What is actually happening? The CSS blur
function applies a Gaussian blur to the target element’s background with the standard deviation specified as the argument (e.g. two pixels). Large areas of flat colour are only really affected at the edges - in entirely non-scientific terms I like to think of it as some of the colour from one pixel being smudged into neighbouring and nearby pixels while the nearby pixels smudge the same colour back into the original pixel for no net effect. Text is basically all edges and so is completely smudged - black text on a white background becoming a grey “blob”.

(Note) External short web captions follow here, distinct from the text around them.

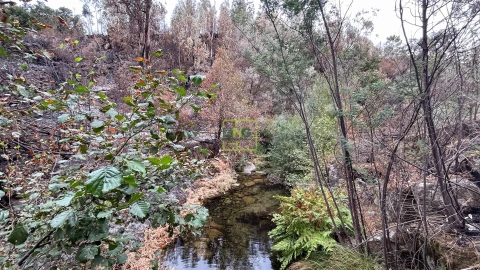 Quinta T4 para Venda em Louriçal do Campo
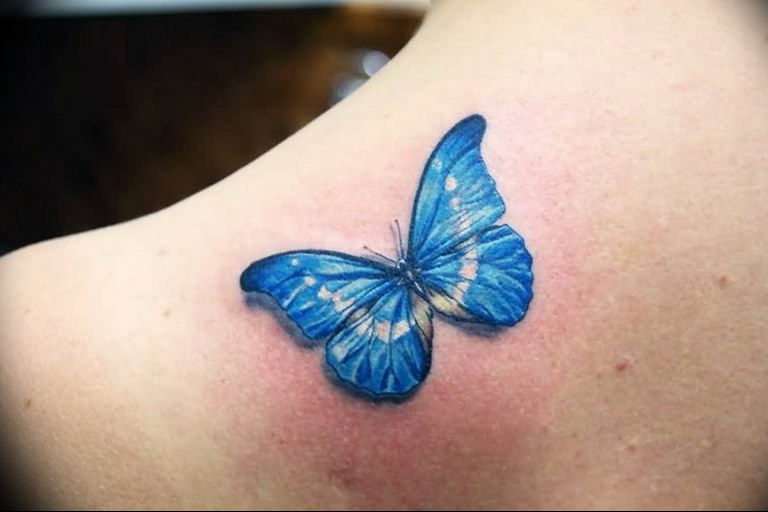 butterfly tattoo photo 04.02.2019 №139 - tattoo idea with a butterfly - tattoovalue.net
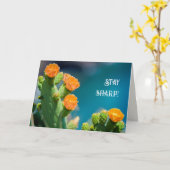 シャープな感覚を保とう - 鮮やかなサボテンの花の写真の誕生日 カード (黄色い花)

A more scientific explanation would probably include talk of Fourier transforms, the frequency domain and low-pass filters.
Q and A
Does this work on all browsers?
The backdrop-filter
property does not work on Safari at the time of writing, it’s simply ignored. However, there is a vendor-prefixed version - -webkit-backdrop-filter
- that does work. So a little update to the CSS code (that I already sneaked in behind the scenes to the example above) can make this work across all modern browsers (as far as I’m aware):
.tooltip {
background-color: rgba(255, 255, 255, 0.3);
-webkit-backdrop-filter: blur(2px);
backdrop-filter: blur(2px);
}
What about accessibility?
While we like to cover accessibility issues in our blog posts, a thorough treatment of tooltip accessibility is beyond the scope of this post. However, it is worth mentioning that some people may struggle with the reduced contrast that can come with a translucent tooltip background. So it might be worth considering offering users an override to make the background opaque. Alternatively, your CSS code can check if your user has informed their operating system or browser that they prefer increased contrast. When they do, you then override the applied styles:
.tooltip {
background-color: rgba(255, 255, 255, 0.3);
-webkit-backdrop-filter: blur(2px);
backdrop-filter: blur(2px);
}
@media (prefers-contrast: more) {
.tooltip {
background-color: white;
-webkit-backdrop-filter: none;
backdrop-filter: none;
}
}
Will this solve all my tooltip occlusion issues?
Probably not. It works here because the encodings I want to keep visible are large blocks of colour and those I want “obscured” are smaller. Because of this, I’m guessing this design style might work effectively with some thematic maps. On the other hand, where the data is encoded using small elements (e.g. a scatter plot with lots of small points of varying colour) the result might not be ideal.